§ Description of the task:
Copy each line below without leaving any out.

§ Working data:

•••••

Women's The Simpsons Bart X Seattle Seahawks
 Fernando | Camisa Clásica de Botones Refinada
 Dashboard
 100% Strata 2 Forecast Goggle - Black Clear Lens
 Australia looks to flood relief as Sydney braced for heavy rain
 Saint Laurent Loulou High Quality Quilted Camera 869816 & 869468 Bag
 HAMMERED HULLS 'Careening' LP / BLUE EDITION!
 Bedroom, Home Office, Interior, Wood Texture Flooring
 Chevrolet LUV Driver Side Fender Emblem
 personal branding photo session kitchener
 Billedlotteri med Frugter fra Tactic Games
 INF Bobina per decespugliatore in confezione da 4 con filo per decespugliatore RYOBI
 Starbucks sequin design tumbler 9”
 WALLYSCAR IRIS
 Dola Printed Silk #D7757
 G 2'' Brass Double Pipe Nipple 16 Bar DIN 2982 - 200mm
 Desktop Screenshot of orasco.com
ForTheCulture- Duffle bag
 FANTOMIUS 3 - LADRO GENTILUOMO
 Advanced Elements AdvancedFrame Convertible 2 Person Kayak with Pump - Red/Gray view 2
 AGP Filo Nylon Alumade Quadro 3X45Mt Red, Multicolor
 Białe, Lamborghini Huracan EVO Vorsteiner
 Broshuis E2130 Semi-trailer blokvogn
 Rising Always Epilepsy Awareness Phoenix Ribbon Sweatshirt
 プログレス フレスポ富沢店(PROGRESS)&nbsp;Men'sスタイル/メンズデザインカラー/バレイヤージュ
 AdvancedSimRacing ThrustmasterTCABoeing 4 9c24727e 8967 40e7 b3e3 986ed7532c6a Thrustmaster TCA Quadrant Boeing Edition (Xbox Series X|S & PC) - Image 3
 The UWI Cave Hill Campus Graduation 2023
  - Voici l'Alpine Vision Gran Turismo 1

•••••

§ Task response:
Women's The Simpsons Bart X Seattle Seahawks
 Fernando | Camisa Clásica de Botones Refinada
 Dashboard
 100% Strata 2 Forecast Goggle - Black Clear Lens
 Australia looks to flood relief as Sydney braced for heavy rain
 Saint Laurent Loulou High Quality Quilted Camera 869816 & 869468 Bag
 HAMMERED HULLS 'Careening' LP / BLUE EDITION!
 Bedroom, Home Office, Interior, Wood Texture Flooring
 Chevrolet LUV Driver Side Fender Emblem
 personal branding photo session kitchener
 Billedlotteri med Frugter fra Tactic Games
 INF Bobina per decespugliatore in confezione da 4 con filo per decespugliatore RYOBI
 Starbucks sequin design tumbler 9”
 WALLYSCAR IRIS
 Dola Printed Silk #D7757
 G 2'' Brass Double Pipe Nipple 16 Bar DIN 2982 - 200mm
 Desktop Screenshot of orasco.com
ForTheCulture- Duffle bag
 FANTOMIUS 3 - LADRO GENTILUOMO
 Advanced Elements AdvancedFrame Convertible 2 Person Kayak with Pump - Red/Gray view 2
 AGP Filo Nylon Alumade Quadro 3X45Mt Red, Multicolor
 Białe, Lamborghini Huracan EVO Vorsteiner
 Broshuis E2130 Semi-trailer blokvogn
 Rising Always Epilepsy Awareness Phoenix Ribbon Sweatshirt
 プログレス フレスポ富沢店(PROGRESS)&nbsp;Men'sスタイル/メンズデザインカラー/バレイヤージュ
 AdvancedSimRacing ThrustmasterTCABoeing 4 9c24727e 8967 40e7 b3e3 986ed7532c6a Thrustmaster TCA Quadrant Boeing Edition (Xbox Series X|S & PC) - Image 3
 The UWI Cave Hill Campus Graduation 2023
  - Voici l'Alpine Vision Gran Turismo 1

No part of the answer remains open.